Zwiller: Predictions No.14 Irish set to play No.1 Michigan in Ann Arbor
Thomas Zwiller | Tuesday, November 16, 2021
After falling short in back-to-back conference games against Minnesota, Notre Dame needed a statement win against Wisconsin to keep from falling behind in the Big Ten standings.
And after sweeping the Badgers, the Irish got their statement win.
The then 6-3 Irish hosted the 4-5 Badgers at Compton Family Ice Arena, with just over 4,330 people in attendance. The Badgers struck first in the series despite being on the road, with Forward Roman Ahcan scoring a power-play goal on an Irish roughing penalty.
It would be the first and last goal the Badgers would score at Compton.
Less than three minutes into the second period Landon Slaggert socred the equalizer, followed by Jesse Landsell shortly after that. Notre Dame Forward Trevor Janicke ended the period by converting on a Wisconsin penalty to give the Irish the 3-1 lead.
In the third period, Max Ellis put the game on ice, scoring twice, once on a power-play and an empty netter.
In the second game, the Irish scored two goals in the first period, one on a power play by Grant Silianoff and one by Nick Leivermann (4-on-4). The last goal of the game came late in the second, scored by Hunter Strand.
After their series against the Badgers, the Irish improved to 2-2-0 in conference play and 8-3-0 overall. That record is good enough for fourth place in the conference.
Ahead of Notre Dame is Michigan (10-2-0, 5-1-0), Minnesota (7-5-0, 4-1-1), and Ohio State (7-3-0, 4-2-0). Behind the Irish are the Badgers (4-8-0, 1-4-1), Michigan State (6-5-1, 1-3-0), and Penn State (6-5-0, 0-4-0).
In their next series, the Irish will have another chance to build momentum and gain ground in the conference standings. Their opponent? The No. 1 Michigan Wolverines.
Michigan has certainly earned their number one ranking without question, as they boast an NCAA best record of 10-2-0. The Wolverines boast a high-scoring offense; they have scored 52 goals through 12 games, averaging 4.33 goals per game. That is also the highest such mark in the NCAA this season. Unfortunately for the Irish, Michigan is also stout defensively. Allowing 26 goals through 12 games, the 2.17 GAPG ranks the Wolverines 12th in college hockey.
One advantage I expect the Irish to have in this weekend’s upcoming series is in faceoffs. The Irish are a top-10 faceoff team going 346-292, or about .542. Michigan is not horrible on faceoffs, but they have only won .511% of their attempts (382-366).
A vital area, as it is in most games, is penalties. The Irish are an incredibly sound defensive team, while Michigan is looking to be an offensive force. Both statements hold for the Irish penalty kill and the Michigan power-play.

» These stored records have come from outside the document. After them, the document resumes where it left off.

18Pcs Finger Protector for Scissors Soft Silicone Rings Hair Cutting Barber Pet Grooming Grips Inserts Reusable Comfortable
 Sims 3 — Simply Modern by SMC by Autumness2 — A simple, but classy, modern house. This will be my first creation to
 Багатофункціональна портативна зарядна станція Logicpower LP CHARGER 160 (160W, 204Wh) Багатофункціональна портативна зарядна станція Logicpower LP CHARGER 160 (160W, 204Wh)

The matchup will essentially be an unstoppable force meeting an unmovable object.
The Irish lead the nation in penalty kill percentage. Of the 43 penalties the Irish have taken that have allowed power play opportunities, they have only allowed two power-play goals (.953). The power-play unit is without question going to be challenged this weekend as Michigan has one of the best attacks in the country. The Wolverines have had 48 power-play opportunities, and they have converted 15 times (ranks sixth). That power-play percentage ends up being .312, a figure that is third-best in the country.
On the flip side, Michigan’s penalty-kicking unit is not nearly as good as their power-play unit. The Wolverines have killed off 41 of their 49 penalties (or about .837), making them the 21st best unit in the nation. Fortunately for the Wolverines, the Fighting Irish have an abysmal power-play attack. Of the 40 power-play opportunities the Irish have had, they have only converted six times. At .150%, that makes Notre Dame 41st in the NCAA. Yikes.
Another reason I want to focus on penalties is that Michigan averages the 10th most penalty minutes per game. It is much closer to eighth if you consider that Brown and Yale have combined for 177 penalty minutes in only seven games.
Despite their lackluster power-play, the Irish need to score when Michigan gives them the opportunity. If the Irish can stay out of the box (which they are capable of doing, they are 30th in penalty minutes per game) and take advantage of the frequent Michigan penalties, Notre Dame can win this series.
Well, let me put a caveat on that. Notre Dame can win this series if it is low-scoring. ND has a top-5 defense in terms of goals against, allowing only 1.73 per game. However, they average 3.67 goals per game, which is 11th in the country but is behind Michigan’s 4.33 goals per game. Lucky for the Irish, Michigan also allows 2.17 goals per game which means that ND can score against Michigan; I do not think they can win a shootout.
Historically, Michigan owns the series, leading 83-63-5. But if I had to pick this one, I would say that Notre Dame can get the split on the road. In the last four series played between the two rivals, the home team is 0-8 with a goal differential of 24-7 (-17 at home!). I think there is a difference with Michigan being the best team in college hockey, but the No. 14 Irish should at the very least steal a win on the road.